### WORK INSTRUCTIONS
Write out again, exactly as they appear, the lines from the start of the data below through the line with "13615 Royal Court #309, Crestwood, IL"; no pictures.

:::

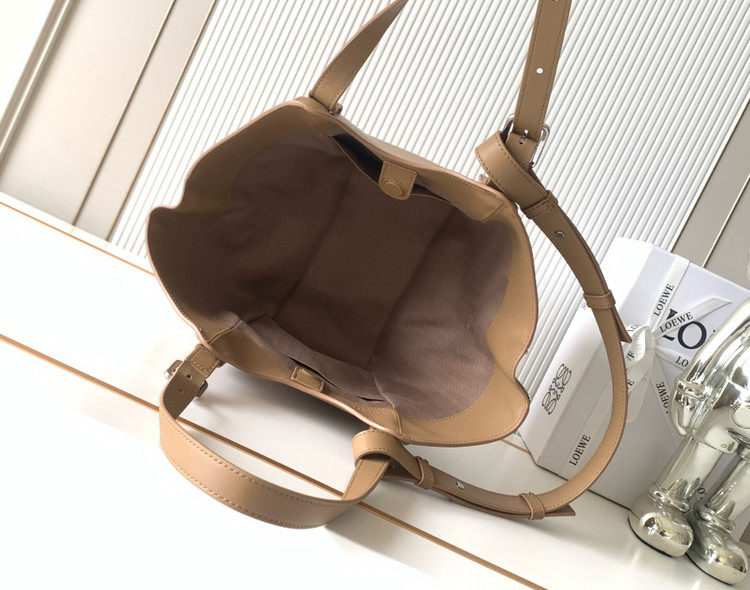 کیف زنانه برند Loewe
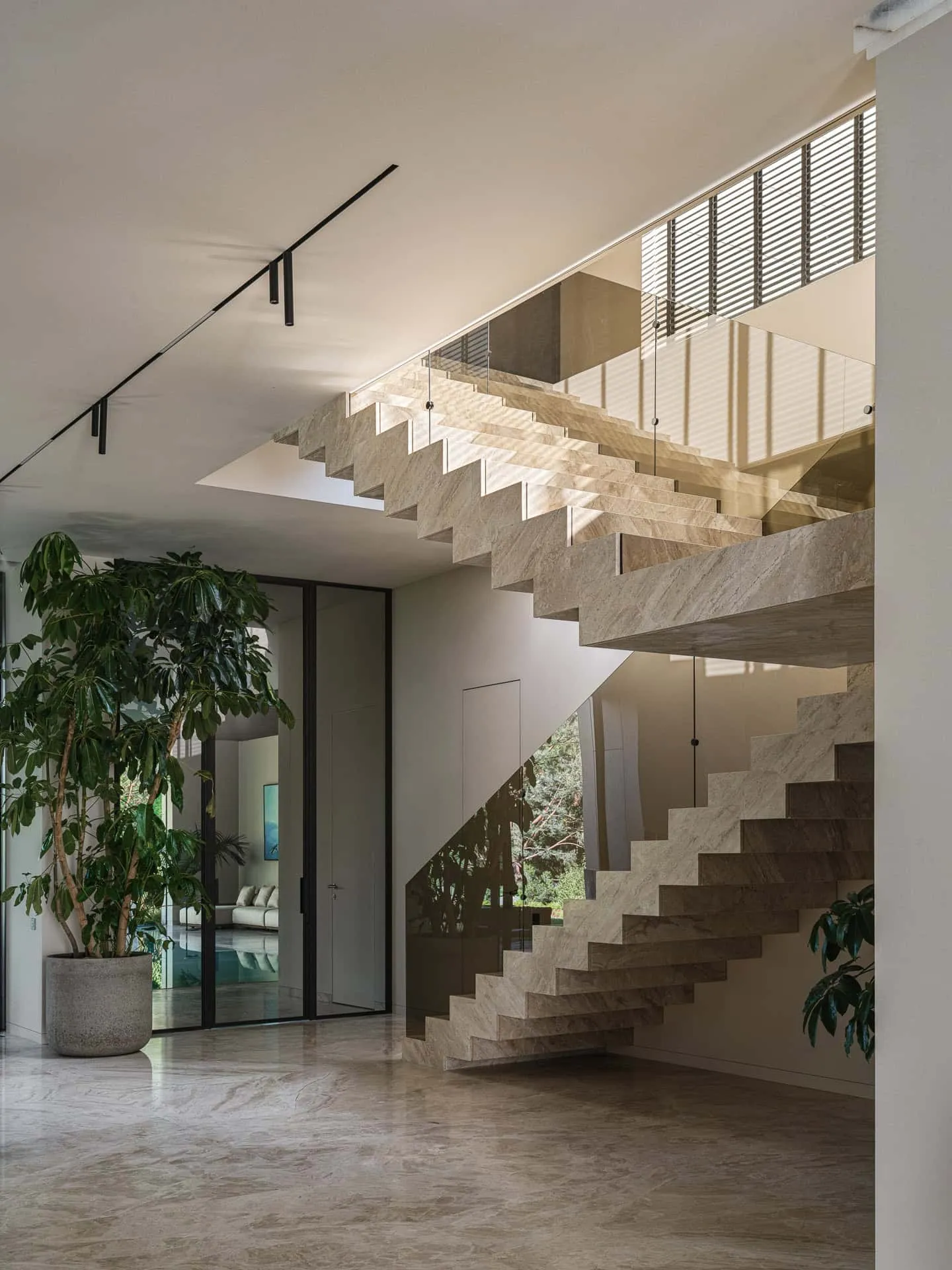 Helle Villa Kyoto – Treppe mit Tageslicht und Schatten von Ekaterina Yakovenko Helle Villa Kyoto von Ekaterina Yakovenko – Treppe mit Tageslicht und Schatten, Russland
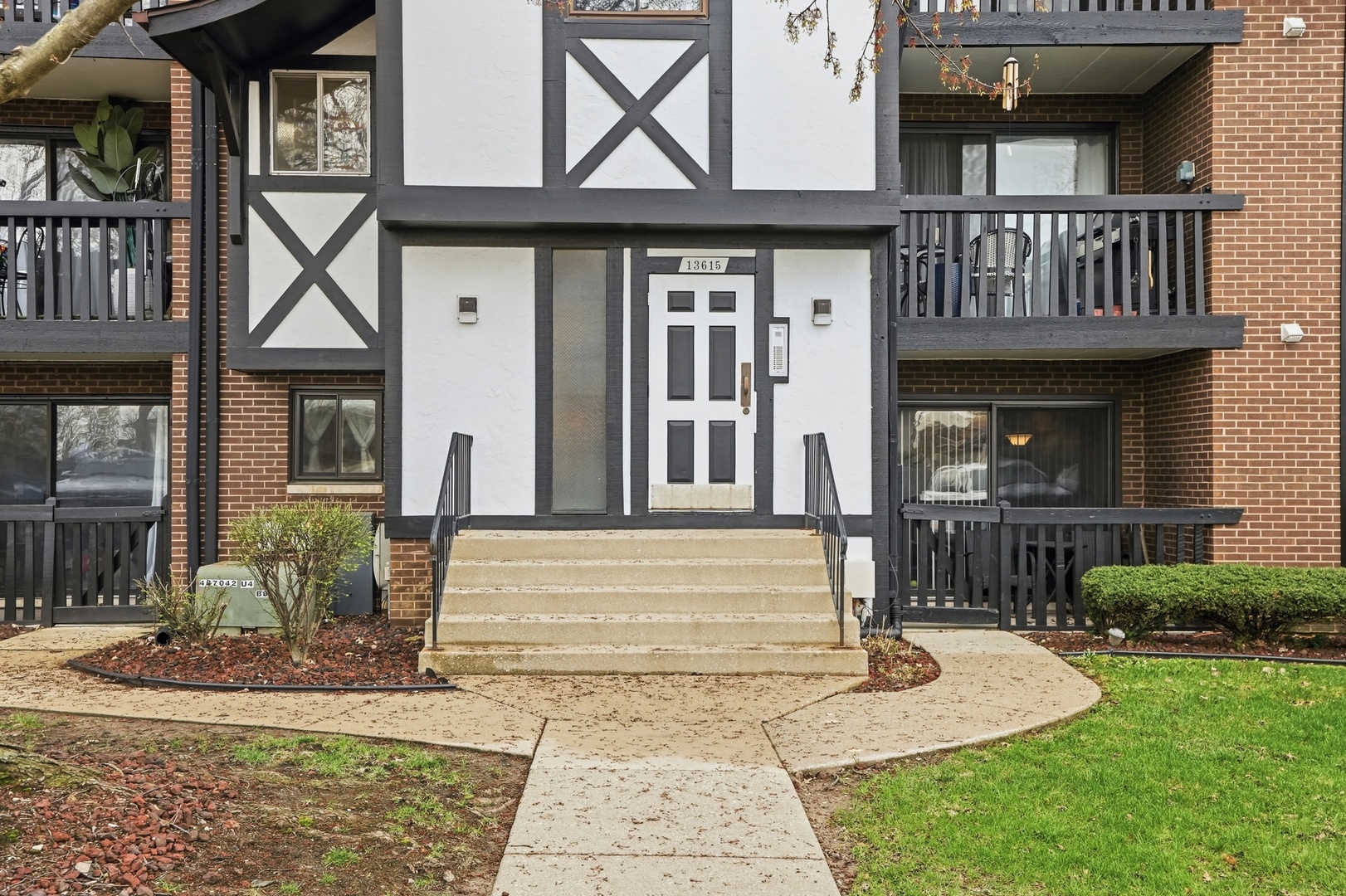 13615 Royal Court #309, Crestwood, IL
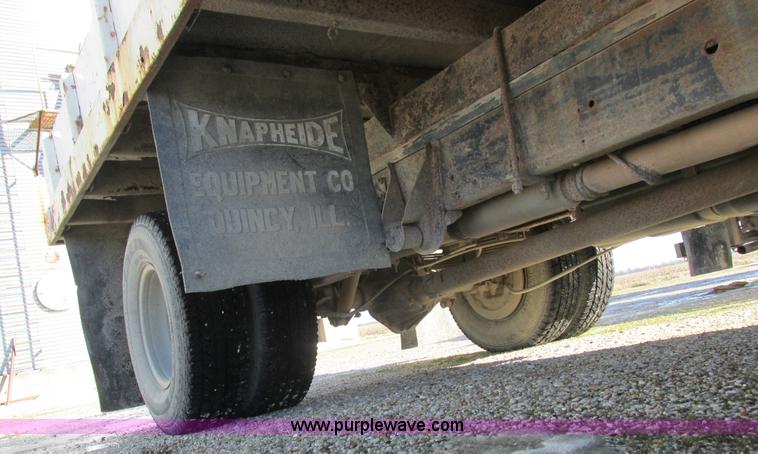 image for item L7004 1992 Chevrolet 3500 flatbed pickup truck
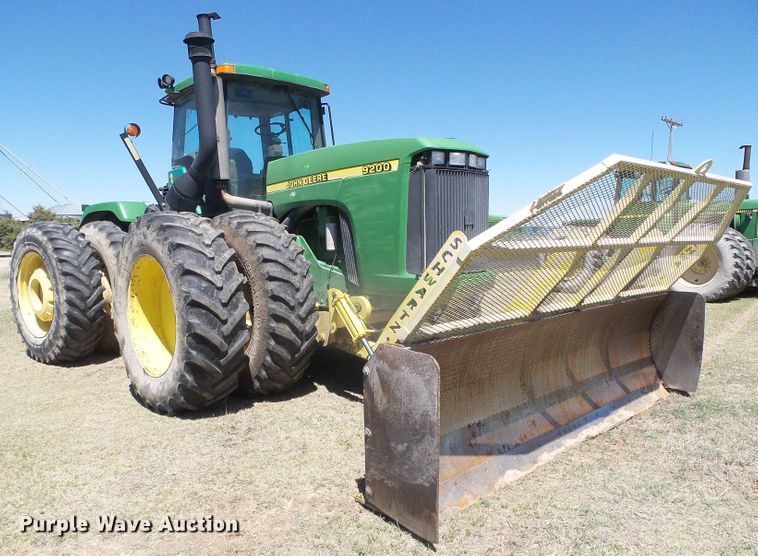 image for item DI5584 2000 John Deere 9200  4WD tractor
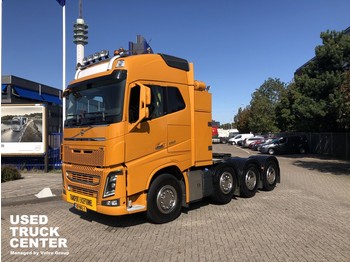 Tractor unit Volvo FH 16 650 Globetrotter XL 8x4T GCW 130 ton: picture 1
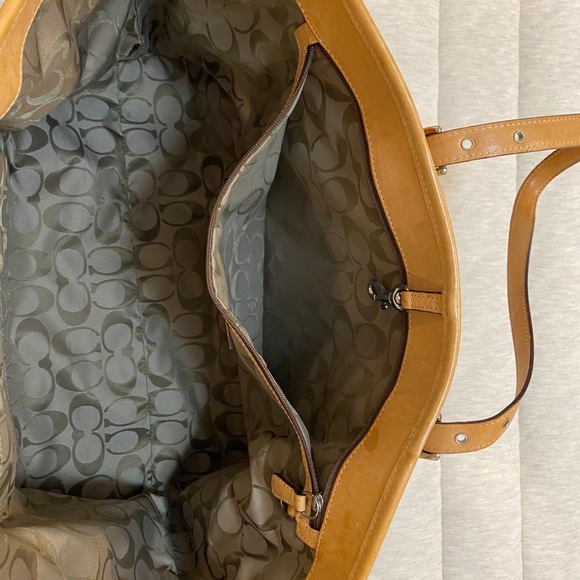 Vintage Coach bag 👜 - Picture 9 of 13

:::

### SOLVED EXERCISE
 کیف زنانه برند Loewe
 Helle Villa Kyoto – Treppe mit Tageslicht und Schatten von Ekaterina Yakovenko Helle Villa Kyoto von Ekaterina Yakovenko – Treppe mit Tageslicht und Schatten, Russland
 13615 Royal Court #309, Crestwood, IL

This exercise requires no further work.